The New York trio of Sue Garner, Amanda Uprichard and Amy McMahon Rigby (then fresh from the Last Roundup with her brother Michael McMahon, who is spending the 21st century in the thoroughly retro-minded Susquehanna Industrial Tool & Die Company) had some beautiful songs but occasionally sold short their greatest asset: casually spectacular, country-based three-part harmonies. All the Shams really needed backing them up were Rigby and Garner’s graceful, unobtrusive acoustic guitar and bass playing — their voices were the rightful stars of the show.

Quilt finds the band mostly sharing the instrumental spotlight with Robert Quine, Lenny Kaye and ex-dB’s drummer Will Rigby; though the guests play tastefully, the extra instruments still sometimes get in the way of the simplicity of Amy Rigby’s songs. The album’s highlight is a re-recording of the first Shams single, 1989’s “Only a Dream,” but there are lots of other great moments; the beautifully constructed frustrated-love songs “Stuck Here on the Ground” and “Watching the Grass Grow” would be on oldies radio every eight hours if they’d only been recorded 20 years earlier.
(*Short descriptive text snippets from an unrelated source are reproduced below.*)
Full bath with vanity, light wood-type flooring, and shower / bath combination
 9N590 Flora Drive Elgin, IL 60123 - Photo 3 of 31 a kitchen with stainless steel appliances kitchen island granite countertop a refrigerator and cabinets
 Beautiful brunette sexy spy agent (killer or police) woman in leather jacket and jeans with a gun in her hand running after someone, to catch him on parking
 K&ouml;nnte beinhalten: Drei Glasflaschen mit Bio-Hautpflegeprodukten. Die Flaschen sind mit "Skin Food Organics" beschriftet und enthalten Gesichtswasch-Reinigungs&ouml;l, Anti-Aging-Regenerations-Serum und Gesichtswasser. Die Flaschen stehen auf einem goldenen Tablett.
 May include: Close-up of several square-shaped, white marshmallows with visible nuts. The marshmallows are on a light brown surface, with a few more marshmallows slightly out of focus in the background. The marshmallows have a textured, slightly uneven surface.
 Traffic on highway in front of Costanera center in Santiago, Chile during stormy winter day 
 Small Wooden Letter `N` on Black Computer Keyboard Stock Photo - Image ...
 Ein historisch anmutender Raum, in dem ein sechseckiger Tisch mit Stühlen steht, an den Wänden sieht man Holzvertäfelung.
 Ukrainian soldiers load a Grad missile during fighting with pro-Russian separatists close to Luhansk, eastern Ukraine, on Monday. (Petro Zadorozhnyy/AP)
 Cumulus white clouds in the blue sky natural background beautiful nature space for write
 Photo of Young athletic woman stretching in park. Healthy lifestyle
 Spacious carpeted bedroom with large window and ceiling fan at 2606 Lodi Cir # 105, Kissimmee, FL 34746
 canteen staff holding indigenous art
Quilt also has a drastic rearrangement of Richard Hell’s “Time” (with Hell’s old bandmate Quine adding a little lead guitar), Uprichard’s pleasant “Ice Tea” and an adorable a cappella novelty, “File Clerk Blues.”

The three-song Sedusia is something of a letdown. Garner’s “Continuous Play” is lovely, but “Voices in My Head” drags on and on and the live favorite “Love Me With Your Mind” (which rhymes “thrill” with “ce-re-be-rill”) gets cheesy moans, synth-drums and — shades of Bananarama — unison singing. Following Sedusia, the Shams began work on a second full-length album, but broke up before it could be completed.

The Biggest Square Thing, Garner’s experimental duo-plus-guests with singer/guitarist Ruth Peyser, released one 7-inch: three songs that barely total five minutes. An edgy, no wave-like record that’s interesting though too short to be substantial, it couldn’t sound less like the Shams. Garner went on to form Run On with former Fish & Roses bandmate Rick Brown.

Following the breakup of the Shams, and a subsequent divorce from Will Rigby, Amy Rigby became a solo artist.